EXERCISE AIM:
Give the entries below again exactly. Their pictures are not needed.

---

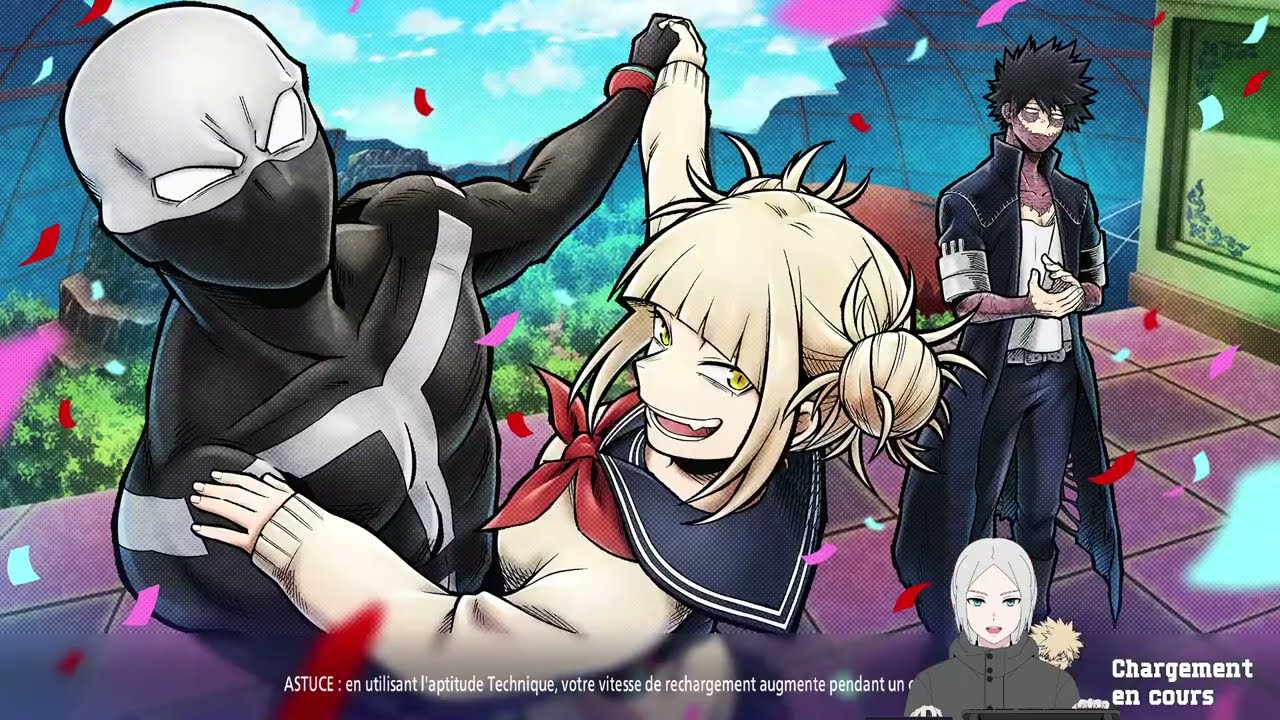 Apprenti Héros/Vilains au Rapport ! - MHUR #99 (Izuku OFA/Fumikage/Black Mist) [VTuberFR]
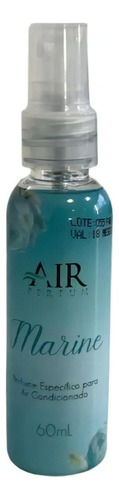 Aromatizador Para Ar Condicionado Air Perfum Marine 60 Ml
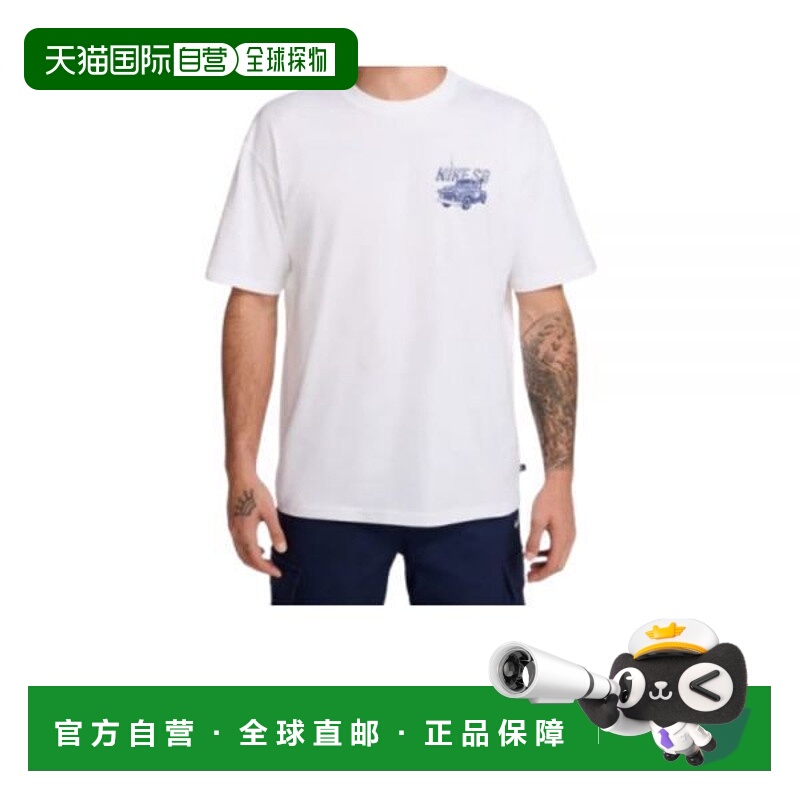 韩国直邮NIKE NIKE 耐克 25 SB Max90 拖拽T恤（HJ0820-100）（U
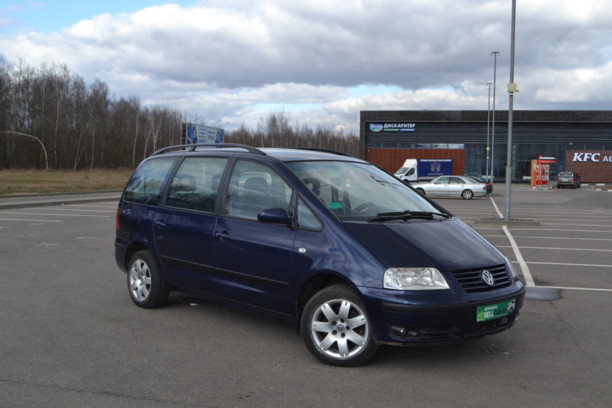 Volkswagen Sharan I · Рестайлинг, 7 мест, 2001 г.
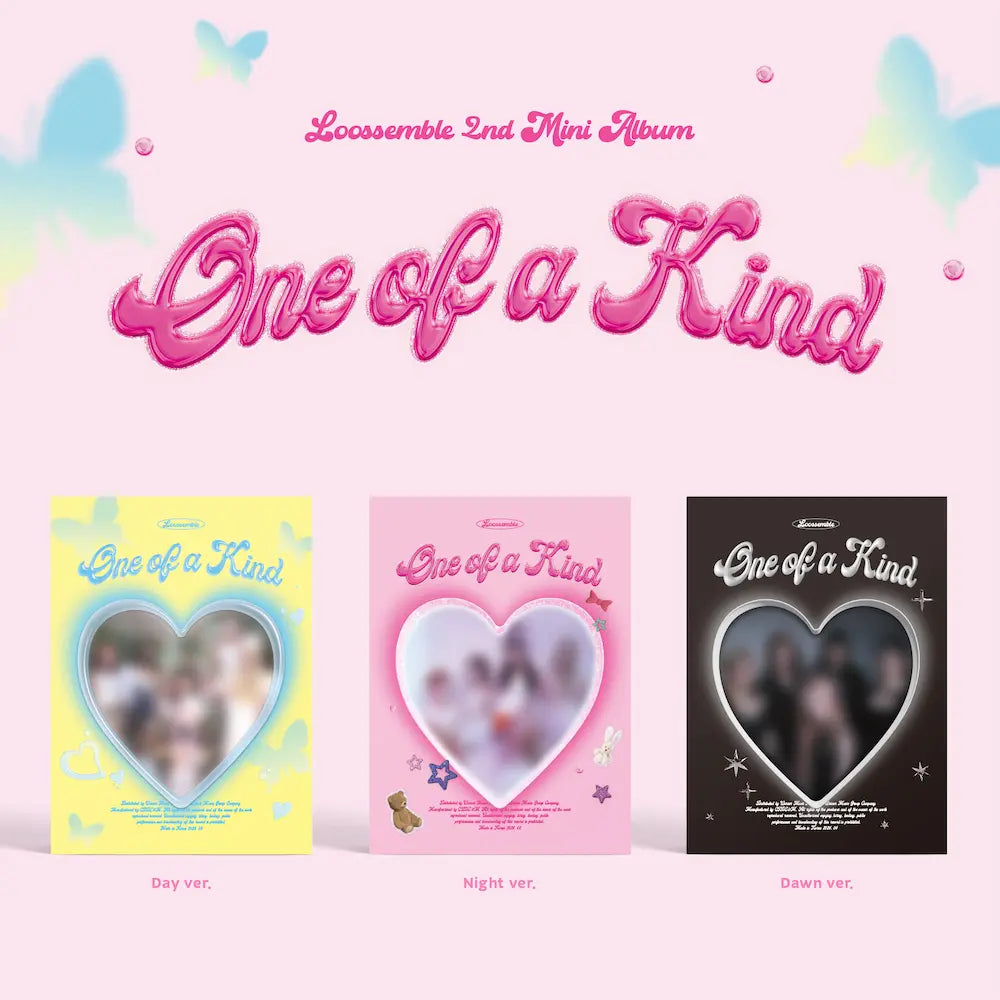 Loossemble 2nd Mini Album One of a Kind Choice Music LA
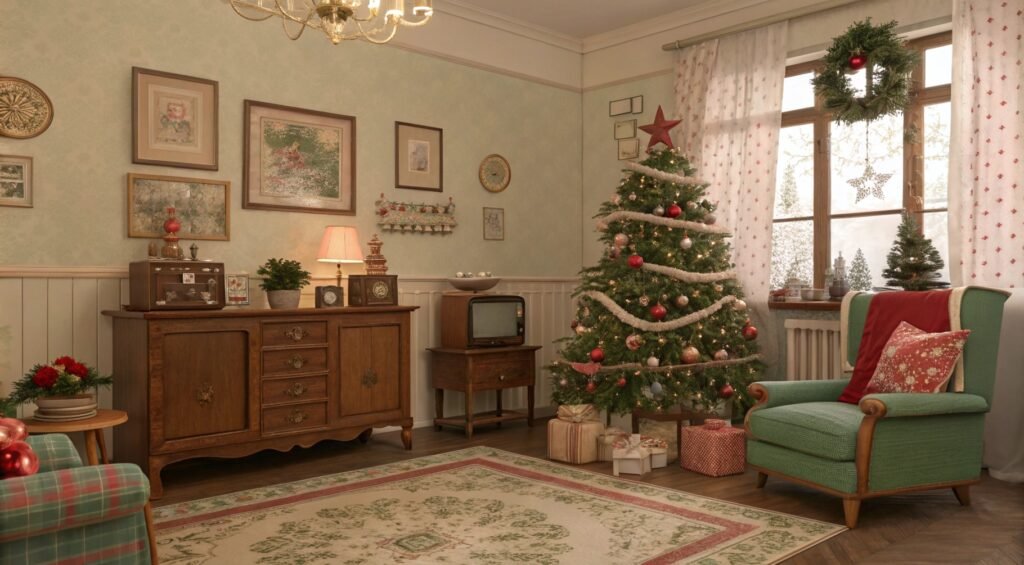 The Secret to Warm and Welcoming Spaces? These Timeless Christmas Living Room Ideas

---

TASK OUTPUT:
 Apprenti Héros/Vilains au Rapport ! - MHUR #99 (Izuku OFA/Fumikage/Black Mist) [VTuberFR]
 Aromatizador Para Ar Condicionado Air Perfum Marine 60 Ml
 韩国直邮NIKE NIKE 耐克 25 SB Max90 拖拽T恤（HJ0820-100）（U
 Volkswagen Sharan I · Рестайлинг, 7 мест, 2001 г.
 Loossemble 2nd Mini Album One of a Kind Choice Music LA
 The Secret to Warm and Welcoming Spaces? These Timeless Christmas Living Room Ideas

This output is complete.